Set down, word for word, the stretch of lines from the one containing "Hotel Skandia" to the end of the records below.

## Data in this exercise:
===============
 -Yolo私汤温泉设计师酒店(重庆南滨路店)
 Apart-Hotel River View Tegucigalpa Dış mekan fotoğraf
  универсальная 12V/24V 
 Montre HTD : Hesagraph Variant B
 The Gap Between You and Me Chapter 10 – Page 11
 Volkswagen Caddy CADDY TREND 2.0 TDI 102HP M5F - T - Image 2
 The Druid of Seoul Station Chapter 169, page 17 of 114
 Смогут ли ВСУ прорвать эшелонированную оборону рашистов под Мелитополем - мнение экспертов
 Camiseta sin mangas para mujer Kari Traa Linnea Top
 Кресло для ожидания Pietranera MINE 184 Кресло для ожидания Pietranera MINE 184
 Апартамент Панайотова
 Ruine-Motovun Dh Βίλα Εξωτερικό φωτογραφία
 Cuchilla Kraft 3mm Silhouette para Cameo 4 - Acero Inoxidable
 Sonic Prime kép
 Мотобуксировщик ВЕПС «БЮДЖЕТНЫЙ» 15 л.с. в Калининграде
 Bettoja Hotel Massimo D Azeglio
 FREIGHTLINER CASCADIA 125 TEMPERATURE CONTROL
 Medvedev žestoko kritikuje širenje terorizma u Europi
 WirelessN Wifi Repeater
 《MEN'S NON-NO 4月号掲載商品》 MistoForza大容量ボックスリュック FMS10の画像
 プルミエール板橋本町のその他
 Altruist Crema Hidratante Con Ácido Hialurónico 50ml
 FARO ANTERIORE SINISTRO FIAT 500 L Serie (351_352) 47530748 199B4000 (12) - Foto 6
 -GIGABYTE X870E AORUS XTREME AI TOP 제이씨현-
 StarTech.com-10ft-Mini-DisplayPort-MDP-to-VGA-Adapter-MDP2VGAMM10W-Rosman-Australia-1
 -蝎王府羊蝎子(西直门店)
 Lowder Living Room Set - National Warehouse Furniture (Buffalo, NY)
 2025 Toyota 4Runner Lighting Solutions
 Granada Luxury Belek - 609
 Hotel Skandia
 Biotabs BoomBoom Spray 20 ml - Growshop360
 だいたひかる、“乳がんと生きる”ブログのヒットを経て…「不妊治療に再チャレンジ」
===============
## Answer to this task:
 Hotel Skandia
 Biotabs BoomBoom Spray 20 ml - Growshop360
 だいたひかる、“乳がんと生きる”ブログのヒットを経て…「不妊治療に再チャレンジ」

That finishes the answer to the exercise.